◆ WHAT IS NEEDED ◆
Produce an exact copy of all the data below, dropping every image.
····················
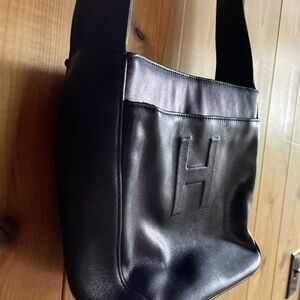 Vintage Halston leather 70s 80s hand bag purse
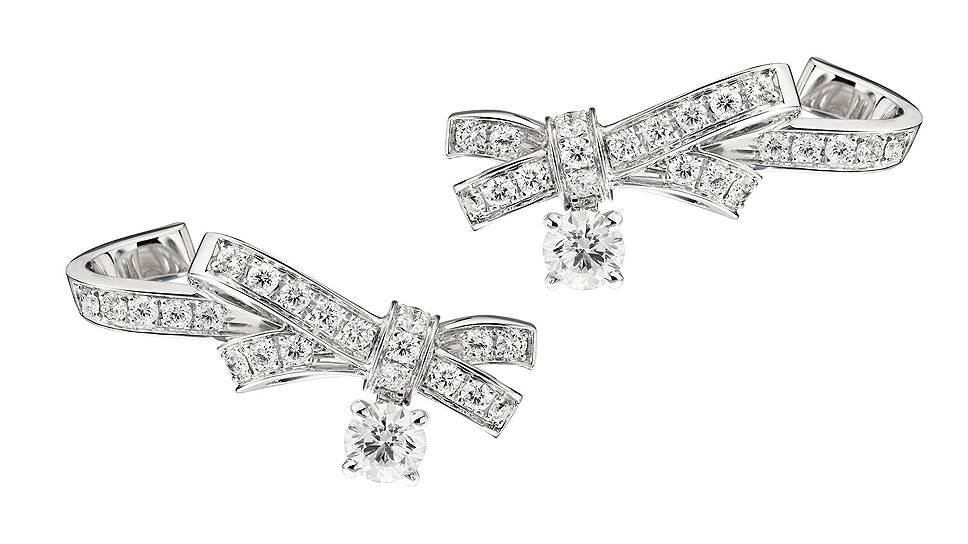 Chanel, серьги Ruban, белое золото, бриллианты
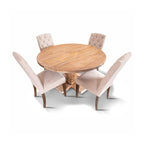 Gloriosa 5pc Dining Set 135cm Round Table 4 Beige Chair Mango Wood - Honey Wash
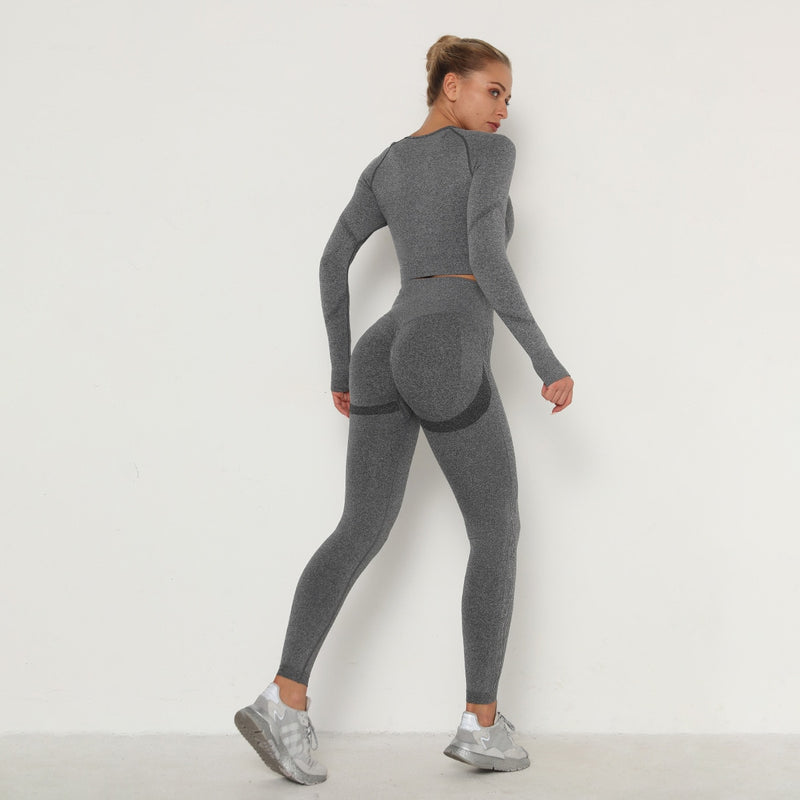 Conjunto Feminino de Treino: Top de Manga Longa e Legging Cintura Alta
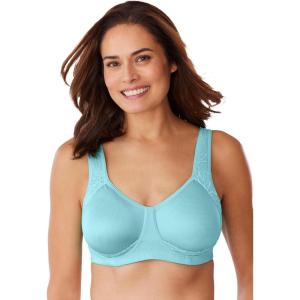 Comfort Choice Women’s Plus Size Lace Out Wire Bra(Pale Ocean)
····················
◆ SOLUTION TO THIS TASK ◆
 Vintage Halston leather 70s 80s hand bag purse
 Chanel, серьги Ruban, белое золото, бриллианты
 Gloriosa 5pc Dining Set 135cm Round Table 4 Beige Chair Mango Wood - Honey Wash
 Conjunto Feminino de Treino: Top de Manga Longa e Legging Cintura Alta
 Comfort Choice Women’s Plus Size Lace Out Wire Bra(Pale Ocean)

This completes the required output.